Judging from the body language in the car park yesterday there appears to be concern within the DUP over keeping the horses together. They had been by far the most animated party on the Assembly benches, and afterwards, the two statements appear to confirm that the frictions are real enough beneath the surface. However, it is interesting to note that the ‘not in a political lifetime’ quote, widely attributed to Nigel Dodds as evidence of an internal split, was actually taken directly from one of Peter Robinson’s parliamentary contributions, back in May. It was noticeable too that in the Chamber, Mark Durkan was volubly cheered by the DUP benches every time he laid the allegation at Sinn Fein that they had freely given the DUP a secure lock on when and whether the ministerial oversight gets devolved to the Assembly. It is something that Sinn Fein ceded in principle during the failed negotiation of the Comprehensive Agreement, and welcomed 18 months later with the passing into UK legislation of the Northern Ireland (Miscellaneous Provisions) Act.
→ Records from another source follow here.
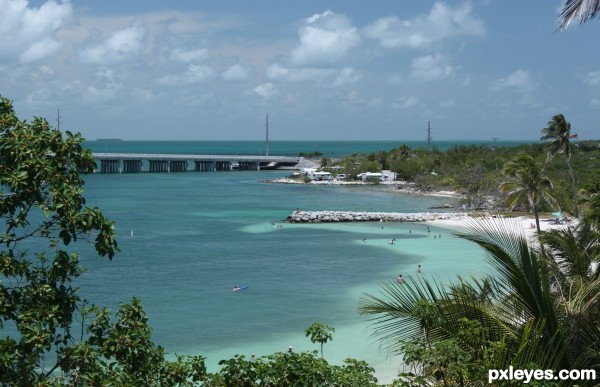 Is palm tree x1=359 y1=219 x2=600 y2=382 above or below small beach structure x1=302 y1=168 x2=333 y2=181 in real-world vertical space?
above

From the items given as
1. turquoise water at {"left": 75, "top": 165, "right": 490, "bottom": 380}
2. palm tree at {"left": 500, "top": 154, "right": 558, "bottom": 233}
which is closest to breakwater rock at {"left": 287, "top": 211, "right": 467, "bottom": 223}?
turquoise water at {"left": 75, "top": 165, "right": 490, "bottom": 380}

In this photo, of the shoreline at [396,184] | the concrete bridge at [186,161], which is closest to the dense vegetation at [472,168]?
the shoreline at [396,184]

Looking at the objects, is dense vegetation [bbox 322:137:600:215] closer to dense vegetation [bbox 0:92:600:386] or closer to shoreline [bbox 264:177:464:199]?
shoreline [bbox 264:177:464:199]

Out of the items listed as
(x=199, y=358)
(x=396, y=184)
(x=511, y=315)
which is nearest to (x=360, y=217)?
(x=396, y=184)

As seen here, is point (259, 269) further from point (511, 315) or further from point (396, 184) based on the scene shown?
point (396, 184)

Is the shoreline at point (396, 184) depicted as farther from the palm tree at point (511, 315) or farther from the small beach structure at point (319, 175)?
the palm tree at point (511, 315) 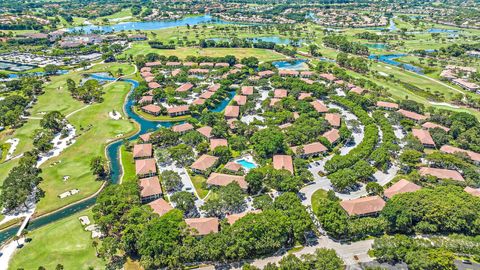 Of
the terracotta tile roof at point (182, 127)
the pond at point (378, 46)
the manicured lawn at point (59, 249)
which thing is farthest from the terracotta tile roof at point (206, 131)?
the pond at point (378, 46)

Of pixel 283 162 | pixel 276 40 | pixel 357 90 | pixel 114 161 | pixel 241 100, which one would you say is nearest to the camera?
pixel 283 162

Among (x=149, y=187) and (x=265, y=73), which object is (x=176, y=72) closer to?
(x=265, y=73)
It is not inconceivable that some individuals, still unreconciled to power sharing with Sinn Fein, take this at face value and view it as a permanent lock on keeping them out of government. For the pragmatists, it could be a decent bargining chip, if there is actually any real negotiating going on over the issue.
In reality, it is only there so long as the UK parliament deems the Assembly a viable route to the future. If there was any doubt that the current shadow Assembly is anything other than a vassal of Westminster, Ian Paisley proved it yesterday.
As Peter Hain has proved time and again this year, Westminster is where the real power still lies in Northern Ireland.
Don’t hold your breathe for a rosy folksy outcome. This is negotiation up to a deal, through a deal, and beyond deal.